We also frequently experience the opposite end of the emotional spectrum after we’ve spent our last penny, or more! Also commonly, once the amount falls below a certain milestone we have in mind, we panic. For example, a $200,000 windfall, after we have spent a large chunk, now has dwindled to $9,000 within several months. This wakes up many “lucky ones” late at night with worry. The landscape of future expenses may still loom large, even after the money has been depleted, such as when we’ve committed to a home remodel, a nice party, and an extravagant summer vacation yet to come. This very common scenario tends to cause huge amounts of stress, and we start to sense the “I was better off before my sudden money” type of feelings.
What Should You Do? Know Thyself!
We’re often asked, “What do I do with this money?” or “How do I optimize it and make it work for me/us?” Sometimes we’re told: “I’d like to take most of this money and put it into a new home or pay off my mortgage, then invest a small part because I don’t want to risk it in the market.”
After a windfall is received, what matters at first isn’t so much what to do—it’s what not to do. Simply put: Do not do anything! Put the money into a savings account, and don’t even look at it for a few months. Then start to think about what the windfall means to you. If it means paying off a high balance on a high-interest credit card, then think before you pay it off and honestly realize why you racked up all this debt to begin with. People often don’t realize that their own behavior is the reason why they struggle financially. Many of us don’t take the time to consider, “What will this decision do for me three years, five years, and 30 years into the future? And have I really considered all my options?” Ask a qualified financial advisor who has your whole financial picture in mind before spending a dime.
We always go through a goal-setting and motivations discovery process with our clients before dispensing financial advice. Knowing what drives us (i.e., our motivations) as to what to do with the money is key to making good decisions. We often ask “Why?” in this situation and “How will it look three years from now?” to help our clients form a vision of their future selves. Oftentimes, paying off a mortgage, doing the remodel, or buying a new house is exactly the thing that is least important.
Commonly, when we receive a windfall, we don’t think through the details of our decisions. This is almost a certainty with home remodeling. As an advisor with over 20 years of experience, I almost always add 50% to 100% to a client’s remodel estimate—sometimes more if I know the client really well.

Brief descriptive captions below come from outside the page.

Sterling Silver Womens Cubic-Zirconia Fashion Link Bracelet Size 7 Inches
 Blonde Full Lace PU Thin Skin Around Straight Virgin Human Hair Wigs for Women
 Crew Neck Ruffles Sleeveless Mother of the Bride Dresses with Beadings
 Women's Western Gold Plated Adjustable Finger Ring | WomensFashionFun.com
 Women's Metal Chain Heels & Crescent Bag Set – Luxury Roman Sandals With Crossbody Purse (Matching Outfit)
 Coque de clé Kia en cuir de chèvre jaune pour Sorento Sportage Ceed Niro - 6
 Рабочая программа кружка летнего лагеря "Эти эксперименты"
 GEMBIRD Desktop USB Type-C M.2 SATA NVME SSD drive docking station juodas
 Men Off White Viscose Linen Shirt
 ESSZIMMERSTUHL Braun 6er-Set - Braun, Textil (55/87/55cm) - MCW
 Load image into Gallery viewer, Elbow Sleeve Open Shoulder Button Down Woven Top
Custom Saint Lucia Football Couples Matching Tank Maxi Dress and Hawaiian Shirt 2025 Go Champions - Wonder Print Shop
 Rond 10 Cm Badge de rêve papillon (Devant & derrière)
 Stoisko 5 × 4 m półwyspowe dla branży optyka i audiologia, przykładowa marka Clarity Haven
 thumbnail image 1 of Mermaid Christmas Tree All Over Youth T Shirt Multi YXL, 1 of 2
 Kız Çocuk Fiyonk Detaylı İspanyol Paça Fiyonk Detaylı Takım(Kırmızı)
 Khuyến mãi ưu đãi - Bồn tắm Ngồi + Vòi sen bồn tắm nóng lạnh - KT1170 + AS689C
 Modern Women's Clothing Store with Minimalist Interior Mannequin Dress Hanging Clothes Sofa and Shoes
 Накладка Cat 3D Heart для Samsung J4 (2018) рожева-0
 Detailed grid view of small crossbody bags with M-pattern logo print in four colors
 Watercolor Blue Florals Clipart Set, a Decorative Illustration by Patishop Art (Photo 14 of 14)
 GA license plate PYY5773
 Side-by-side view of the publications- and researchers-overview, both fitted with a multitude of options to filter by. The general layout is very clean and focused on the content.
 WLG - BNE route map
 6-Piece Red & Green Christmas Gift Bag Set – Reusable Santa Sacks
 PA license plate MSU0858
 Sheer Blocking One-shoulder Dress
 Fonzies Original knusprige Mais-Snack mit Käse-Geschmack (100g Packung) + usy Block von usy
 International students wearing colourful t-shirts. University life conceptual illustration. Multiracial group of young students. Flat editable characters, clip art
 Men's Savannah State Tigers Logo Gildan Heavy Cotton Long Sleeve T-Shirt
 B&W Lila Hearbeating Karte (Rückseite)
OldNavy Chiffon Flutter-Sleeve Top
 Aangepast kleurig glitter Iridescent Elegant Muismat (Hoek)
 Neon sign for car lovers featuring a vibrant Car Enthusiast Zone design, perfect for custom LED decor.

Not only do most of us not understand what we really want from our remodel, but we also haven’t considered that contractors most certainly do not either! Contractors will quote a job to a level of completion and/or costs that sometimes fall far short of what we would consider complete—leaving out upgraded fixtures, for example. They also never will include the “extras” for a remodel, such as increased property taxes, new towels or sheets, new furniture to go along with the remodel, new carpeting, or even upgraded energy-efficient light bulbs! These extras really add up and can deplete an inheritance by more than 100% in the end.
So what do you do? Spend or save? A good general answer is to do both after you’ve done nothing for a few weeks or months. To be safe, you should apply your “retirement savings goals” to windfalls. For example, if you are targeting a 15% annual savings rate for your household and you earn $100,000 per year, that’s $15,000 annually. If you receive an inheritance of $100,000, try to save 15% of that at least. This leaves $85,000 for the remodel. Most financially successful people save half of their windfalls (after taxes are taken out if it’s a taxable sum).
To Be Remembered
- When you receive a windfall, do nothing.
- After doing nothing, think about what you really need, then want.
- After considering the above, try to create a vision of your future self, still having the windfall, in whole or in part, and having converted it into another possession or experience. The real poverty of typical families is found neither in their low (or high) income nor in their costly essential expenses, but rather in not understanding their cash flow.
- Regardless of income level, overspending causes poverty. Saving and budgeting produces wealth.